Build Status Gem Version

NAME

StringSplitter - String#split on steroids

INSTALLATION

gem "string_splitter"

SYNOPSIS

require "string_splitter"

ss = StringSplitter.new

Same as String#split

ss.split("foo bar baz")
ss.split("foo bar baz", " ")
ss.split("foo bar baz", /\s+/)
# => ["foo", "bar", "baz"]

ss.split("foo", "")
ss.split("foo", //)
# => ["f", "o", "o"]

ss.split("", "...")
ss.split("", /.../)
# => []

Split at the first delimiter

ss.split("foo:bar:baz:quux", ":", at: 1)
ss.split("foo:bar:baz:quux", ":", select: 1)
# => ["foo", "bar:baz:quux"]

Split at the last delimiter

ss.split("foo:bar:baz:quux", ":", at: -1)
# => ["foo:bar:baz", "quux"]

Split at multiple delimiter positions

ss.split("1:2:3:4:5:6:7:8:9", ":", at: [1..3, -1])
# => ["1", "2", "3", "4:5:6:7:8", "9"]

Split at all but the first and last delimiters

ss.split("1:2:3:4:5:6", ":", except: [1, -1])
ss.split("1:2:3:4:5:6", ":", reject: [1, -1])
# => ["1:2", "3", "4", "5:6"]

Split from the right

ss.rsplit("1:2:3:4:5:6:7:8:9", ":", at: [1..3, -1])
# => ["1", "2:3:4:5:6", "7", "8", "9"]

Split with negative, descending, and infinite ranges

ss.split("1:2:3:4:5:6:7:8:9", ":", at: ..-3)
# => ["1", "2", "3", "4", "5", "6", "7:8:9"]

ss.split("1:2:3:4:5:6:7:8:9", ":", at: 4...)
# => ["1:2:3:4", "5", "6", "7", "8:9"]

ss.split("1:2:3:4:5:6:7:8:9", ":", at: [1, 5..3, -2..])
# => ["1", "2:3", "4", "5", "6:7", "8", "9"]

Full control via a block

result = ss.split("1:2:3:4:5:6:7:8", ":") do |split|
  split.pos % 2 == 0
end
# => ["1:2", "3:4", "5:6", "7:8"]
string = "banana".chars.sort.join # "aaabnn"

ss.split(string, "") do |split|
    split.rhs != split.lhs
end
# => ["aaa", "b", "nn"]

DESCRIPTION

Many languages have built-in split functions/methods for strings. They behave similarly (notwithstanding the occasional surprise), and handle a few common cases, e.g.:

  • limiting the number of splits
  • including the separator(s) in the results
  • removing (some) empty fields

But, because the API is squeezed into two overloaded parameters (the delimiter and the limit), achieving the desired results can be tricky. For instance, while String#split removes empty trailing fields (by default), it provides no way to remove all empty fields. Likewise, the cramped API means there's no way to, e.g., combine a limit (positive integer) with the option to preserve empty fields (negative integer), or use backreferences in a delimiter pattern without including its captured subexpressions in the result.
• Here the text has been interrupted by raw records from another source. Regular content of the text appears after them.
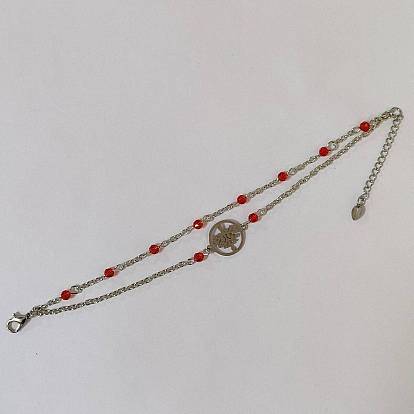 304 Stainless Steel & Glass Seed Beads Multi-strand Link Bracelets, Tree of Life 201 Stainless Steel Charm Bracelets for Women, Stainless Steel Color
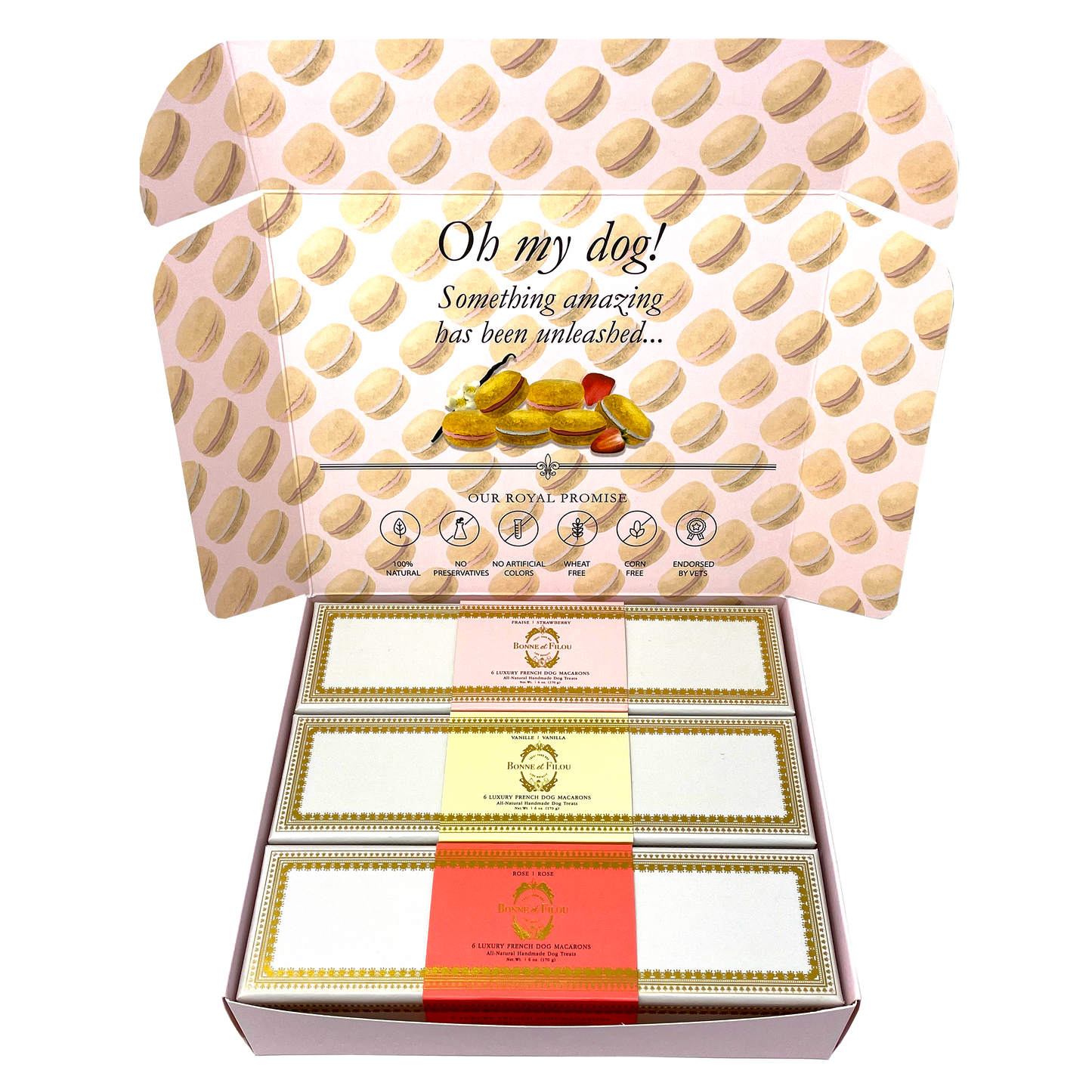 Dog Macaron Combo Gift Box (18 French Dog Macarons) by Bonne et Filou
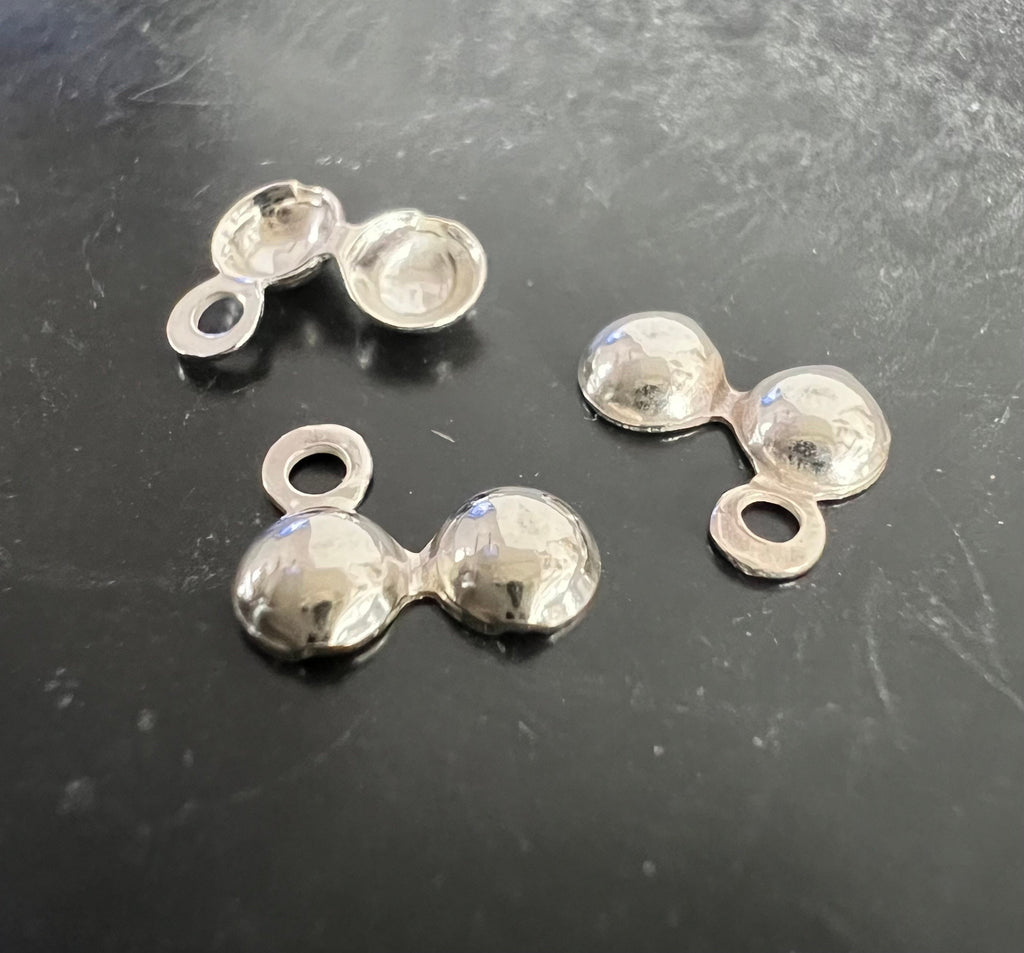 Klappkapseln mit Halbloch 925-Silber & vergoldet, 4 mm, Made in Italy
If split was being written from scratch, without the baggage of its legacy API, it's possible that some of these options would be made explicit rather than overloading the parameters. And, indeed, this is possible in some implementations, e.g. in Crystal:

":foo:bar:baz:".split(":", remove_empty: false)
# => ["", "foo", "bar", "baz", ""]

":foo:bar:baz:".split(":", remove_empty: true)
# => ["foo", "bar", "baz"]

StringSplitter takes this one step further by moving the configuration out of the method altogether and delegating the strategy — i.e. which splits should be accepted or rejected — to a block:

ss = StringSplitter.new

ss.split("foo:bar:baz", ":") { |split| split.index == 0 }
# => ["foo", "bar:baz"]

ss.split("foo:bar:baz:quux", ":") do |split|
  split.position == 1 || split.position == 3
end
# => ["foo", "bar:baz", "quux"]

As a shortcut, the common case of splitting (or not splitting) at one or more positions is supported by dedicated options:

ss.split("foo:bar:baz:quux", ":", select: [1, -1])
# => ["foo", "bar:baz", "quux"]

ss.split("foo:bar:baz:quux", ":", reject: [1, -1])
# => ["foo:bar", "baz:quux"]

WHY?

I wanted to split semi-structured output into fields without having to resort to a regex or a full-blown parser.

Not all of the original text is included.